RomDev2's picture
Rename README to README.md
a1b2b5d verified
# MODEL_NAME
This repository contains **layoutlm-camembertv2-qa** weights exported to `safetensors` format.
## Source
These weights are derived from pretrained models:
- **Layout encoder (LayoutLM)**: [`microsoft/layoutlm-base-uncased`](https://huggingface.co/microsoft/layoutlm-base-uncased) — pretrained on IIT-CDIP + masked visual-language modeling (LayoutLM paper)
- **Text encoder**: [`almanach/camembertv2-base`](https://huggingface.co/almanach/camembertv2-base) — French language model (RoBERTa-like architecture)
## Methodology
This checkpoint was produced by **weight merging**, not end-to-end training.
1. Load the pretrained layout encoder weights (LiLT or LayoutLM) — kept intact
2. Replace the text encoder weights (embeddings, attention layers, FFN) with those from the French model
3. Update the tokenizer and vocabulary configuration accordingly
No training or fine-tuning was performed at this stage.

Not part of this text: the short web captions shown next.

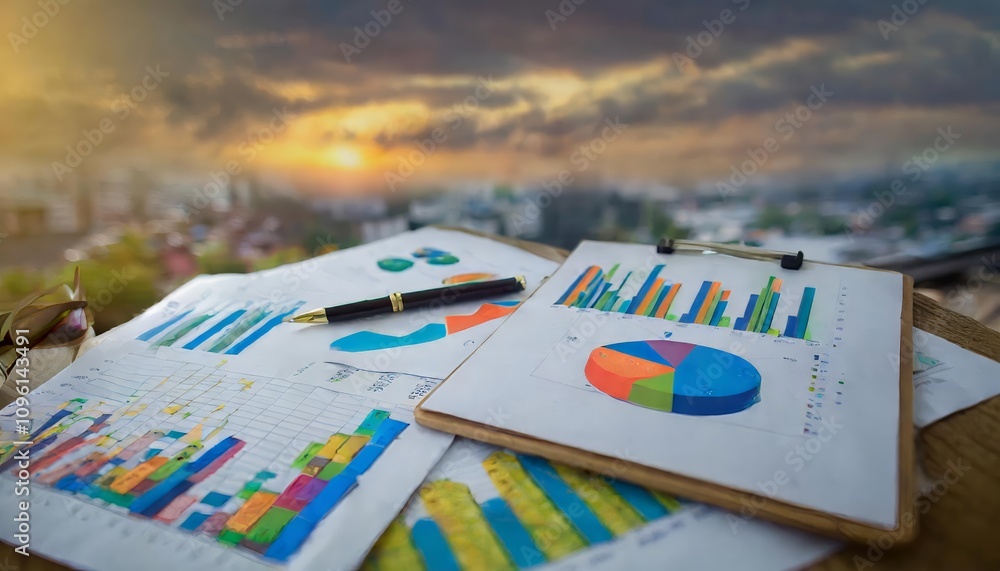 Poster comprehensive business report image featuring graphs, charts, and analytical data visualization - pe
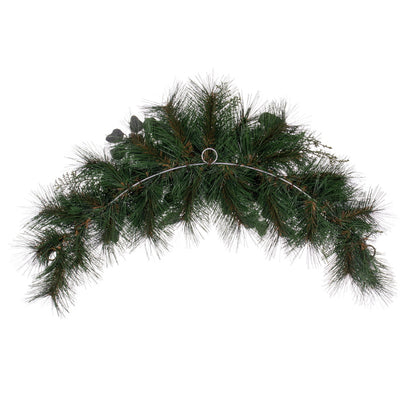 Vickerman 32" Artificial Long Leaf Pine with Seeded Cedar Eucalyptus Foliage and Pinecones Crescent Swag.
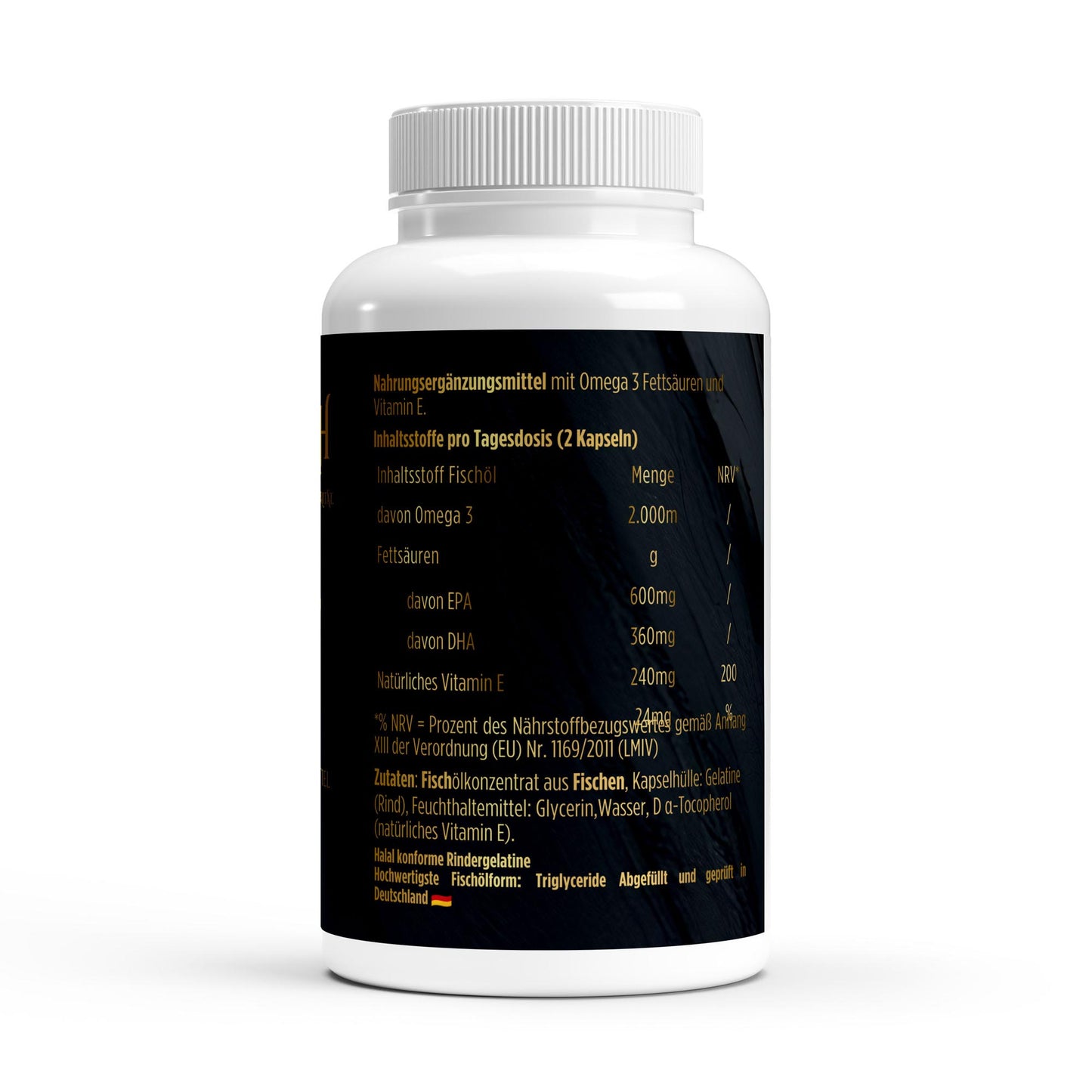 Inhaltsstoffe von NOVERAH Omega 3 Fischoel Triglyceride EPA DHA Halal mit detaillierter Deklaration der Zusammensetzung – NOVERAH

This checkpoint is intended as a **starting point** for downstream fine-tuning on French document understanding tasks (NER, token classification, extractive QA…).
## Files
| File | Description |
|------|-------------|
| `model.safetensors` | Model weights |
| `pytorch_model.bin` | Model weights (PyTorch format) |
| `config.json` | Model configuration |
| `tokenizer_config.json` | Tokenizer configuration |
| `README.md` | This model card |
## Usage
```python
from transformers import AutoTokenizer, AutoModel
tokenizer = AutoTokenizer.from_pretrained("USERNAME/MODEL_NAME")
model = AutoModel.from_pretrained("USERNAME/MODEL_NAME")
```
## Limitations
- This model has **not been fine-tuned** on any French document dataset
- Performance on downstream tasks is **not guaranteed** without task-specific fine-tuning
- Intended for research and experimentation purposes
## License
Weights are derived from models released under the MIT and Apache-2.0 licenses.

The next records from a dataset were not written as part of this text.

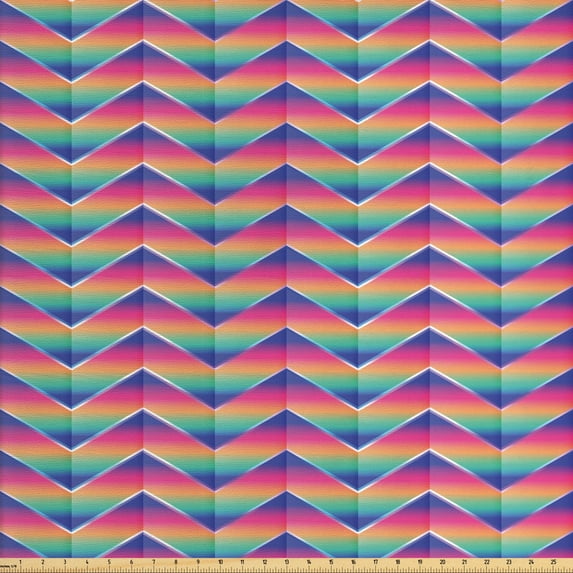 Colorful Fabric by the Yard, Triangular Shapes with Retro Funky Zigzag Patterns in Rainbow Colors Abstract Art, Decorative Upholstery Fabric for Chairs & Home Accents, Multicolor by Ambesonne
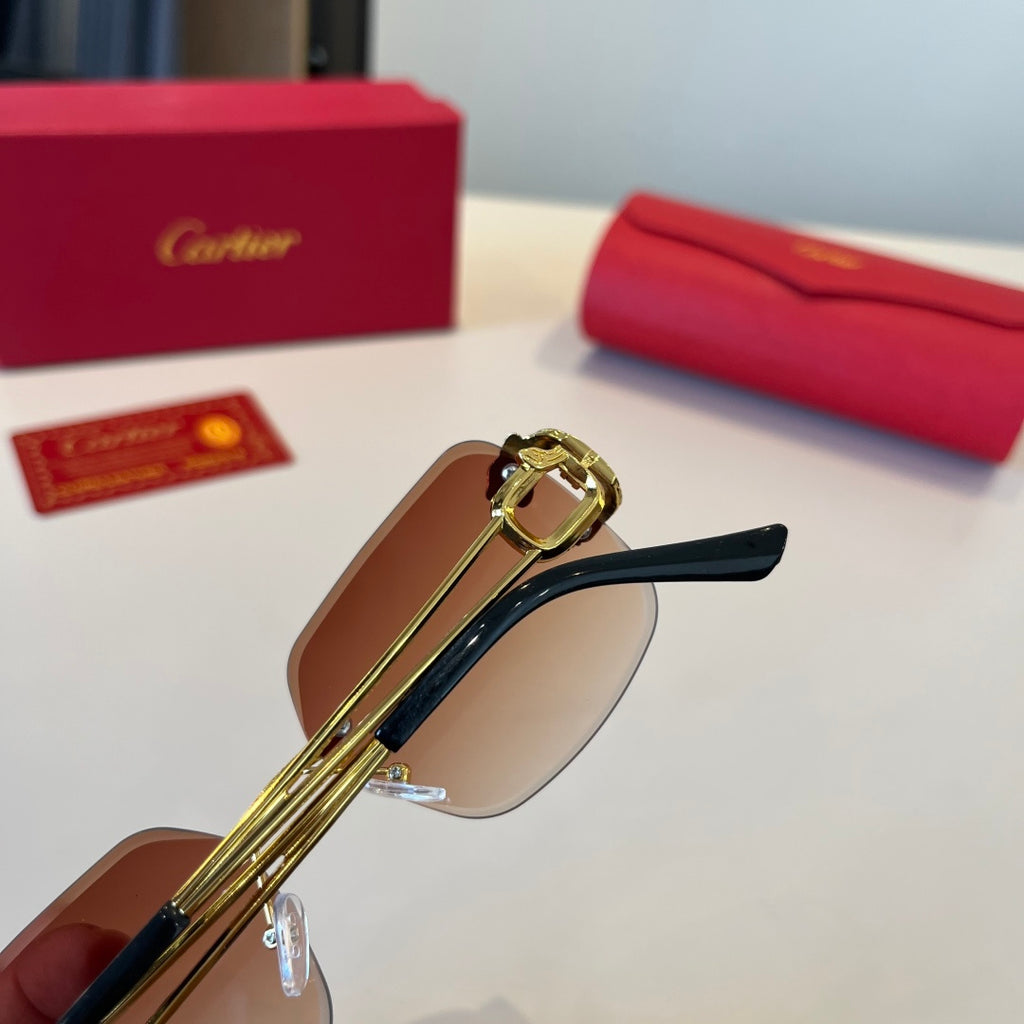 Cartier Lightweight Metal Rimless Red Lens Sunglasses for Men & Women - 449514 - detail image 5
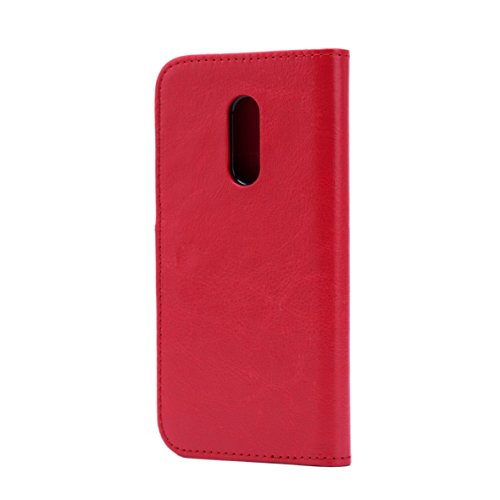 32nd   Funda Flip Carcasa de Piel Tipo Billetera para Xiaomi Redmi Note 4 con Tapa y Cierre Magn  tico y Tarjetero - Rojo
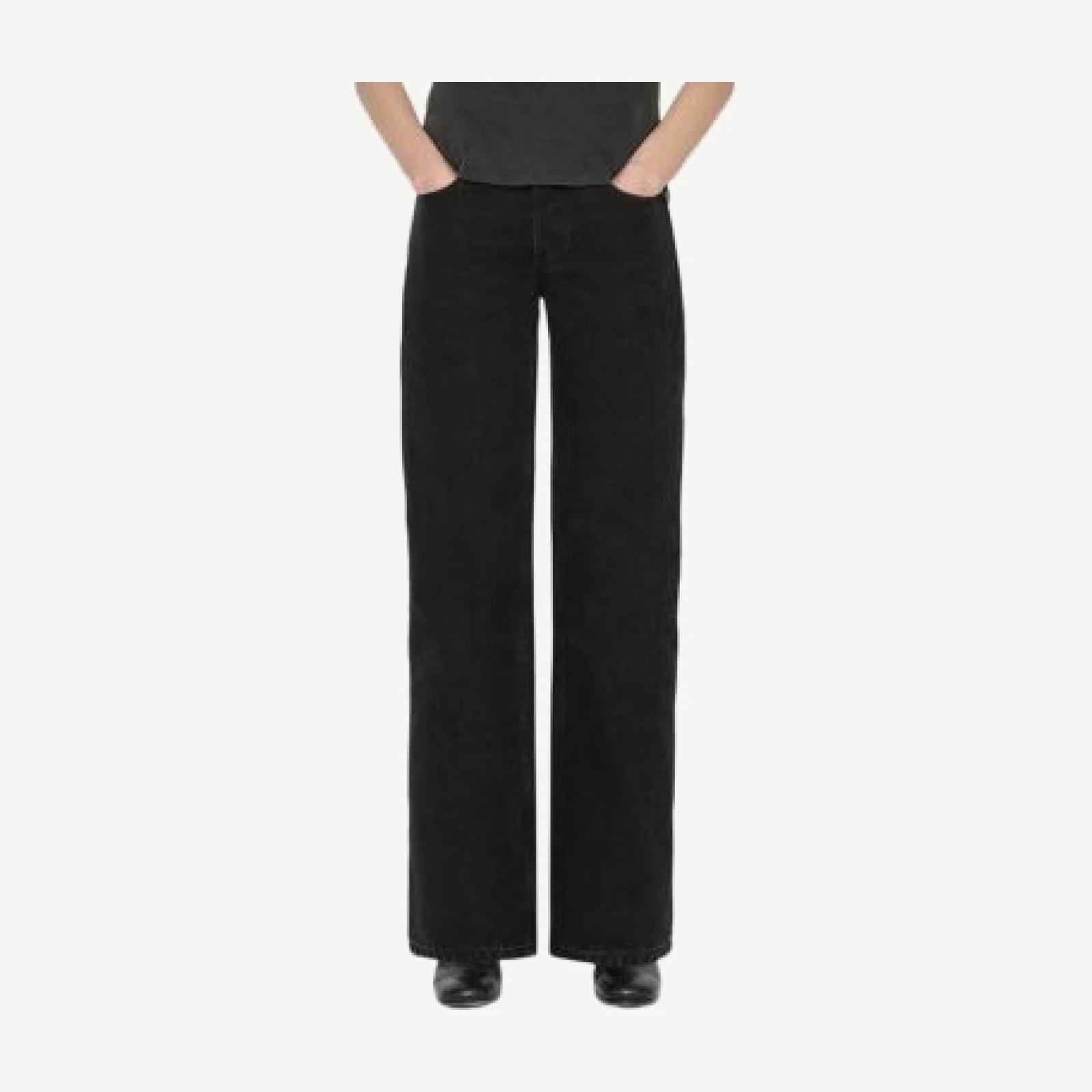 Allsaints Cohen Mid Rise Straight Jeans in Black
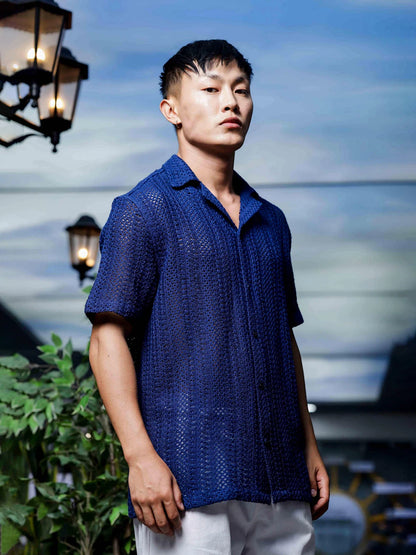 House Of Koala Navy Blue Relaxed Fit Pure Cotton Crochet Resort Shirt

Please refer to the original repositories for full license terms.
## Acknowledgements
- [LayoutLM: Pre-training of Text and Layout for Document Image Understanding](https://arxiv.org/abs/1912.13318) — Xu et al., 2020
- [`microsoft/layoutlm-base-uncased`](https://huggingface.co/microsoft/layoutlm-base-uncased)
> **Note**: This is not an official release from any of the above organizations.